Do It Yourself and Do It Right
The craft brewers conference is a sight to behold. Thousands of brewers, support staff, vendors, lawmakers, journalists, and enthusiasts, listen to seminars, network, and geek out on the fermented beverage. They vie for a taste of something new, have deep discussions on ingredients and processes and usually wind up spending long amounts of time in the exhibit hall. There vendors and manufacturers pull out all the stops. Full brew houses are constructed; sacks of malts and hundreds of pounds of hops are displayed from growers around the world. Manufacturers of kegs, logoed apparel, glassware, bottle caps, and really anything a brewery would need (or not) to be successful can be found. It is a one stop-shopping destination for modern startups and many show up with checkbooks in hand and leave with a complete brew house from gristmill to bottling line.
Ken – who fabricated much of the equipment for his first brewery – admits that it’s both impressive and yes, frustrating, at how easy brewers today have it. However, his intimate knowledge of every piece of equipment helped him to troubleshoot problems quickly and get his system back on line faster. It taught him the value of quality, and set the tone early on that nothing his brewery did was going to be half-assed.
“What we had to do was figure it all and that has been down for a lot of new brewers and they don’t need the level of knowledge and understanding of brewing, that we had to have in the beginning,” Ken said during an interview at the conference. “We had design and build and build and fabricate malt mills and the things we did on our own made us better.”
He theorized that many of the other start-ups from his brewery generation eventually fell by the wayside because they didn’t know how to repurpose a soda filler for beer use, and thus saving quite a bit of scratch for important expenses.
“Our resourcefulness is why we’ve been successful,” he said. “I had to develop a lot of skills and build some stuff. I still do today but those early years of struggling helped a lot.”
Ken was a teenager when beer entered his life. A friend of his father was a home brewer and Ken would often stop by for a taste (taking care to leave just enough without arising suspicions). More than the flavor and its effects, Ken also studied the process.
“I vividly remember going over to their house and smelling the fermenting beer and seeing these glass jugs willed with beer and wine and all sorts of other experiments,” he regularly says when asked about his beer roots. “It was then that I first fell in love with the alchemy of beer and brewing. This was the early 1970s- all these years later, and I guess I’m still in love.”

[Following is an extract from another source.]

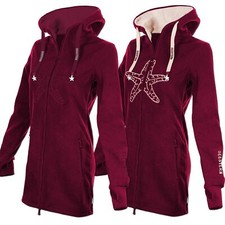 SEESTERN giacca in pile con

He was eventually found out, and by agreeing to stop his pilfering ways, his father’s friend agreed to teach young Ken how to brew.

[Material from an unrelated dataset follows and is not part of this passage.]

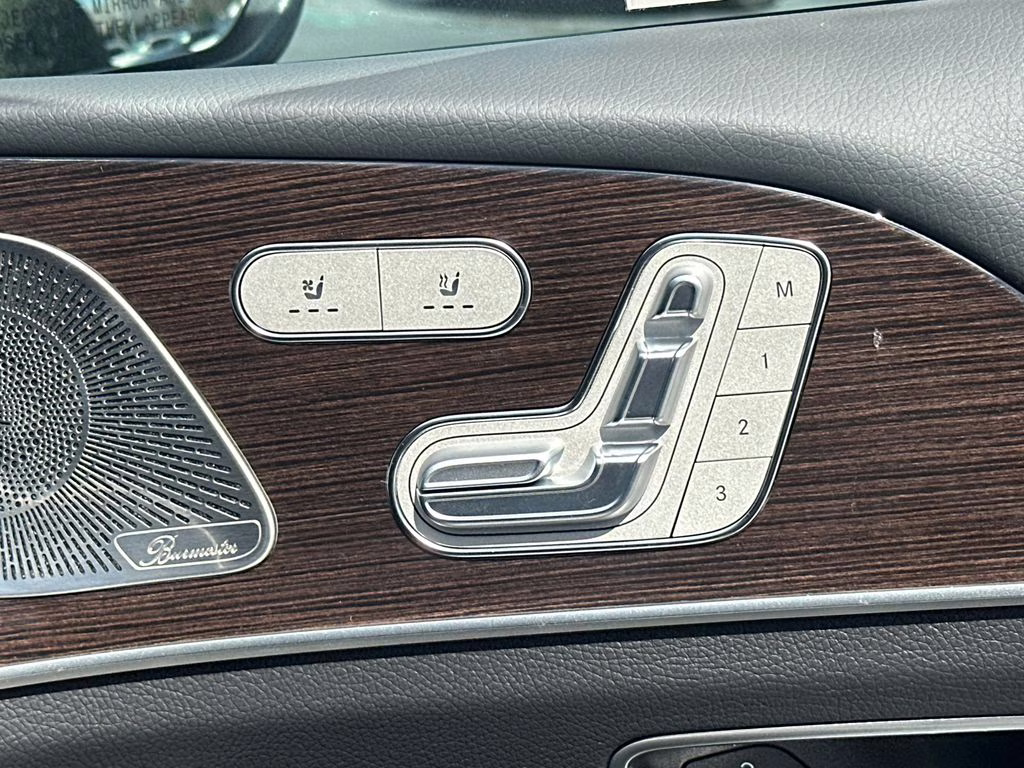 2026 Obsidian Black Metallic Mercedes-Benz GLE GLE 450 AWD SUV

These were the days before the dawn of craft. When Fritz Maytag’s Anchor Brewery was the brewery of choice for West Coasters looking to experience locally made flavor and when exotic imports from Germany, England, and Belgium were treasured, savored, and sought after. This was also the time where home brewers had growing access to equipment, ingredients, and instruction. In particular there was A Treatise on Lager Beer, the first American home brewing text from beer educator and writer Fred Eckhardt. Battered copies were traded among home brewers who soaked up every word and learned to make flavorful beer at home when it was still illegal to do so.
In 1973 Ken moved from southern California to Chico, a city of under 90,000 in the Sacramento Valley where he enrolled in the local college, worked at a bike shop and would go hiking in the nearby Sierra Nevada mountains. In Chico, his beer enthusiasm blossomed and the curious Ken would take the four-hour ride to San Francisco and visit Anchor, he would talk with friends and family about beer, and would of course make his own. Ken also has an inclination towards entrepreneurship and an insatiable desire to build things. He left college without graduating and in 1976 he started The Home Brew Shop – a place where local enthusiasts like himself could come to talk about the craft and stock up on ingredients. It was a good life, he said, and he enjoyed it, but always looking forward he wondered what was next.
Then inspiration came from three hours south. It was in Sonoma where the first modern microbrewery opened, and Jack McAuliffe a gruff former Navy engineer had started the New Albion Brewing Company. Repurposing old dairy equipment and creating other necessary pieces from scrap, McAuliffe built himself a brewery and sold his wares commercially. It caught the attention of many including Ken who visited the brewery and was not put off by the choice words McAuliffe spewed at him.
Emboldened by the prospect of building his own small brewery, Ken returned to Chico and did just that. A few years of gathering and building equipment, borrowing money from friends and family while putting a business plan together with partner Paul Camusi led to the Sierra Nevada Brewing Co. Est. 1980.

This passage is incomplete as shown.